## ASSIGNMENT
From the entries below, retype only the lines from the one with "Продам пуховик The North Face" through the one with "Cucina in stile", exactly as written.

## MATERIAL TO PROCESS
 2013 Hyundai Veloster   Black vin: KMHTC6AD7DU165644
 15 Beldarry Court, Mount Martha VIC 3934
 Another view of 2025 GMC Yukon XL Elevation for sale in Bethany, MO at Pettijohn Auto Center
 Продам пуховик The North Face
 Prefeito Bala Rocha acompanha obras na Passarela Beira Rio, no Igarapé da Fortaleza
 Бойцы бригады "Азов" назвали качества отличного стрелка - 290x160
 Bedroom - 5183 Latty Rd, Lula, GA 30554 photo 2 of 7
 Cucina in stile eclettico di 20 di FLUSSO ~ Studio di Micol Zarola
--
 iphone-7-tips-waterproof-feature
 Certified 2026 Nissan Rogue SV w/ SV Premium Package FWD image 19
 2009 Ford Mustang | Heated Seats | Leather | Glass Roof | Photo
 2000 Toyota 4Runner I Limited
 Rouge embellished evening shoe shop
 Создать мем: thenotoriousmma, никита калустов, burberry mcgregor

## RESPONSE
 Продам пуховик The North Face
 Prefeito Bala Rocha acompanha obras na Passarela Beira Rio, no Igarapé da Fortaleza
 Бойцы бригады "Азов" назвали качества отличного стрелка - 290x160
 Bedroom - 5183 Latty Rd, Lula, GA 30554 photo 2 of 7
 Cucina in stile eclettico di 20 di FLUSSO ~ Studio di Micol Zarola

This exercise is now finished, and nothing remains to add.